• _Directions for this task_: In the records that follow, find each line with "Photo" and pull it out.

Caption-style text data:
--- --- ---
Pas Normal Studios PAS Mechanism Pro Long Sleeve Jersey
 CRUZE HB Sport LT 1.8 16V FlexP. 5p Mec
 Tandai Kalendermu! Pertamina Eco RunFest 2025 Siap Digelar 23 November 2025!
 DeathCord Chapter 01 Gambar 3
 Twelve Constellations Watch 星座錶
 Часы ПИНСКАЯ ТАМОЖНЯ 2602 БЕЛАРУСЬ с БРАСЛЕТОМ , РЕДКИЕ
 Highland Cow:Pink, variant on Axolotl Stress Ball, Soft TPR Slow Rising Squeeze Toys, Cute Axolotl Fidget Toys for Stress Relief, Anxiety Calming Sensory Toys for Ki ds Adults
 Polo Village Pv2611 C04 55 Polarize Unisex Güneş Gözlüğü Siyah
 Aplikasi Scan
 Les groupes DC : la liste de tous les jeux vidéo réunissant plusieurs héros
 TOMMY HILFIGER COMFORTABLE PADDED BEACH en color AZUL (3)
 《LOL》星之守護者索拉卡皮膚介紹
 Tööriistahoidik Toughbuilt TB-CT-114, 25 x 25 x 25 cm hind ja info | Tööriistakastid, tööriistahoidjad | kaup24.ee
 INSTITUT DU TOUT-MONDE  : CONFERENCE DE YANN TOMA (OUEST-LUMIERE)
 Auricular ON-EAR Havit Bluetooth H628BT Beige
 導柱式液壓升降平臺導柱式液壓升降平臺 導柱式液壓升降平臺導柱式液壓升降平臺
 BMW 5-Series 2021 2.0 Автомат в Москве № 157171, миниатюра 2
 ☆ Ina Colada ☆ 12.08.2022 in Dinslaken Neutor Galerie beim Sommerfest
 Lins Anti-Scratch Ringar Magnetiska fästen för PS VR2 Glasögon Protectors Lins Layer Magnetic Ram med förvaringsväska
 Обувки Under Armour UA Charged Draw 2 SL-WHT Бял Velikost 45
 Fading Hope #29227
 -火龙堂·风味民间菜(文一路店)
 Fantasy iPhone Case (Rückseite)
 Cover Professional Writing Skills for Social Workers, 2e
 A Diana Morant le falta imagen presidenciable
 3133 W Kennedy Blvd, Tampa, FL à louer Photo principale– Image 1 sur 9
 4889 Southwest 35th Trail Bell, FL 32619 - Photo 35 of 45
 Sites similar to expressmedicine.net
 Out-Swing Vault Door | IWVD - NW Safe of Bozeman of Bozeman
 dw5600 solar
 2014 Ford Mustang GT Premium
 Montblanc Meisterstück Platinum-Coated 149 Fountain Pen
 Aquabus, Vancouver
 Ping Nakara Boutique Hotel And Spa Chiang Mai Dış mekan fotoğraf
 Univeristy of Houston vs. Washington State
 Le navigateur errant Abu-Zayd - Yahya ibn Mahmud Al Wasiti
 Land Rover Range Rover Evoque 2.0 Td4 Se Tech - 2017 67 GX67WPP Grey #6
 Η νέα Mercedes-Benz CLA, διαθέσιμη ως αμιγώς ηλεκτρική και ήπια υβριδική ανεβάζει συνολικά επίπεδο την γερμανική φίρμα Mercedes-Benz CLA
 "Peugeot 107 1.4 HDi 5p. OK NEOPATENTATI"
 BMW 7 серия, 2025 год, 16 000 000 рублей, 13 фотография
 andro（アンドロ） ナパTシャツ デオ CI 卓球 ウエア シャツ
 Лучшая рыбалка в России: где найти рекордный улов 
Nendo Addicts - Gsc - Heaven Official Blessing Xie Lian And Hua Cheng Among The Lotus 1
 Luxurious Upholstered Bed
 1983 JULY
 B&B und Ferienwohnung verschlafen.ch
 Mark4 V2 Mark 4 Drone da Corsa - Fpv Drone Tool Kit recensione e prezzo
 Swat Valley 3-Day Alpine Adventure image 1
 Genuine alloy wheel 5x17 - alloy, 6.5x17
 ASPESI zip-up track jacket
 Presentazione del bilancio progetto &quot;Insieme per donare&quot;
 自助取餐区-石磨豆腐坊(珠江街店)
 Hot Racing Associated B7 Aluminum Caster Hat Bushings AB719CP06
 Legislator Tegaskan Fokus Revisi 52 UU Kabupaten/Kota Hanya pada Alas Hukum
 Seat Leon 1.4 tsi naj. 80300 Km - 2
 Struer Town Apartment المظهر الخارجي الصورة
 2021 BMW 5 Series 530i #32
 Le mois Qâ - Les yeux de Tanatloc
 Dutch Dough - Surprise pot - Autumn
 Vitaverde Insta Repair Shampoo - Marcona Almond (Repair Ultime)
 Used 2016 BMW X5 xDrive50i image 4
--- --- ---
• _Solved exercise_:
 3133 W Kennedy Blvd, Tampa, FL à louer Photo principale– Image 1 sur 9
 4889 Southwest 35th Trail Bell, FL 32619 - Photo 35 of 45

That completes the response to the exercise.